▶ **MATERIAL SUPPLIED**

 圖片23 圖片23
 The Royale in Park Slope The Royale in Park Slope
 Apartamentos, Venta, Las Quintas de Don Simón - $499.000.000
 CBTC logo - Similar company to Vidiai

...

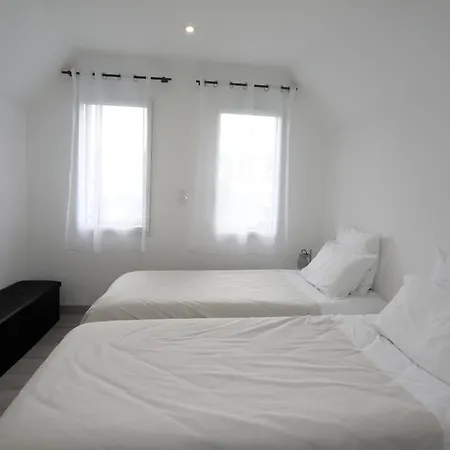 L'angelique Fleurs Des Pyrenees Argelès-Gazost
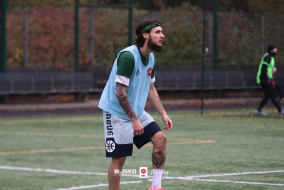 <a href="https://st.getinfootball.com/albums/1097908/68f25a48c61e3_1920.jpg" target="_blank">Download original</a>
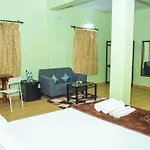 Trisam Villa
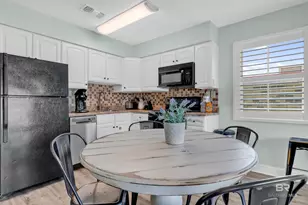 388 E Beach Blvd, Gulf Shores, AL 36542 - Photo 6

▶ **REQUIREMENT**
Go to the line in the material above that contains "Apartamentos, Venta, Las" and copy exactly from there through the line that contains "CBTC logo - Similar company to Vidiai", stopping after it.

▶ **ANSWER FOR THIS EXERCISE**
 Apartamentos, Venta, Las Quintas de Don Simón - $499.000.000
 CBTC logo - Similar company to Vidiai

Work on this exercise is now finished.